The recent announcement of a massive new IP investment fund launched by the IP Office of Singapore confirms that there is still significant interest in the business model, and ID Ventures can claim to be one of the first to implement it in this region. With ID’s core patent business sailing into potentially controversial waters, it is a nice auxiliary to have.

Maybe they should focus on creating things, not just writing patents.

The other day we saw this new request for participation in a survey about patents on business methods, almost siblings of sofwtare patents. Asking the patent microcosm (the site’s audience), however, will give them highly warped results. To quote: “The Covered Business Method Review program is a transitional program that sunsets in 2020. These AIA trails have been extremely effective at knocking-out patents that qualify for review.
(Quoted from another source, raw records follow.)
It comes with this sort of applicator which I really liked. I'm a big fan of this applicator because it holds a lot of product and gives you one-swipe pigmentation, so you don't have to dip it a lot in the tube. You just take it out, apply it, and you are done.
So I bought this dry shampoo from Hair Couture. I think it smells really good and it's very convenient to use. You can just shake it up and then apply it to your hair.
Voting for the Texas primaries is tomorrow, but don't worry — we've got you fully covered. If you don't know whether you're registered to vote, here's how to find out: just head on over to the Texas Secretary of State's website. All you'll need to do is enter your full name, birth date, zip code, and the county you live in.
The question of the day is whether Congress should extend and possibly expand the program beyond the 2020 deadline and beyond the non-technological financial services limitations.”
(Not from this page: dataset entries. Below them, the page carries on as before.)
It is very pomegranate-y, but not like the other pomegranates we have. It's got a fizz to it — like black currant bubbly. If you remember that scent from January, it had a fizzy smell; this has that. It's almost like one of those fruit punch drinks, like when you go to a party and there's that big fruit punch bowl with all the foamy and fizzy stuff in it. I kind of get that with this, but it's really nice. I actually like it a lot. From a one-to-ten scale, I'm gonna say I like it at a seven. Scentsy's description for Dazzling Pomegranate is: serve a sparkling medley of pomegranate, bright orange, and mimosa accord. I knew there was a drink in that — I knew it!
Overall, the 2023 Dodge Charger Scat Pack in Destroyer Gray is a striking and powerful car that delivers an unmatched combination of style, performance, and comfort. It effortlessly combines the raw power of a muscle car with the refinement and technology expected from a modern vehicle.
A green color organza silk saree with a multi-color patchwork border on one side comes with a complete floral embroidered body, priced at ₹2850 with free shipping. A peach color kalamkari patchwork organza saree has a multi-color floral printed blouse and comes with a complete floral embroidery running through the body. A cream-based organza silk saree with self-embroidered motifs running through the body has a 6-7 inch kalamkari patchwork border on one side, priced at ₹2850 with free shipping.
Whatever comes out of this survey will be somewhat of a joke because almost every person who takes part in the survey is a dyed-in-the-wool patent maximalist. What is the purpose of this survey? The usual lobbying? Disguised as an ‘academic’ ‘study’ from Professor Crouch and his ilk?

Either way, the good news is that no matter the spin, the numbers (from the USPTO and the courts) tend to speak for themselves. Lex Machina, which is run by pro-reform academics, keeps track of such numbers. These numbers show that the patent maximalists are losing their grip on the system. As MIP put it the other day, “ANDA patent litigation fell 32.5% in 2016″. To quote what’s not behind a paywall:

A report from Lex Machina reveals Hatch-Waxman/ANDA case filing dropped last year. It also revealed the busiest pharmaceutical companies and law firms for ANDA litigation

No joke would be complete, however, without something from IAM, a site where up is down, down is up, extortion is “agreement”, and Alice is a “blow” (see above). Watch how IAM, the think tank of patent trolls, tries to spin the above decline (in lawsuits collateral) as an increase. This is the hilarious part:

Damages in patent infringement lawsuits fell in 2016 compared with the year before according to the 2017 edition of PwC’s annual Patent Litigation Study. This may indicate that if conditions are improving for patent owners in the US, court awards are yet to reflect this.

But they are demonstrably not improving. Why is IAM in such deep denial about this? Someone, please, call the nut house warden…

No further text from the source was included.